**Exercise input**
········

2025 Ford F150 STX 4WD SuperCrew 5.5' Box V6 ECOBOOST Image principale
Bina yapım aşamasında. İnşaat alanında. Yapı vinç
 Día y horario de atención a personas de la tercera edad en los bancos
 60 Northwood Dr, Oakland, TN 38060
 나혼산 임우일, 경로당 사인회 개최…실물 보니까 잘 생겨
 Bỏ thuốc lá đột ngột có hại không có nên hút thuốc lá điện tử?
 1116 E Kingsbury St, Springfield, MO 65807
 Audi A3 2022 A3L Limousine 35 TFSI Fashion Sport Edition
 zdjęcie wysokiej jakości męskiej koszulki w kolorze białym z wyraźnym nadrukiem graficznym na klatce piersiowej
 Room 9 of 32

········

**Required action**
Write out again exactly the lines that run from the one holding "나혼산 임우일, 경로당 사인회 개최…실물 보니까 잘 생겨" through the last line of the data; omit all other lines.

**Exercise answer**
 나혼산 임우일, 경로당 사인회 개최…실물 보니까 잘 생겨
 Bỏ thuốc lá đột ngột có hại không có nên hút thuốc lá điện tử?
 1116 E Kingsbury St, Springfield, MO 65807
 Audi A3 2022 A3L Limousine 35 TFSI Fashion Sport Edition
 zdjęcie wysokiej jakości męskiej koszulki w kolorze białym z wyraźnym nadrukiem graficznym na klatce piersiowej
 Room 9 of 32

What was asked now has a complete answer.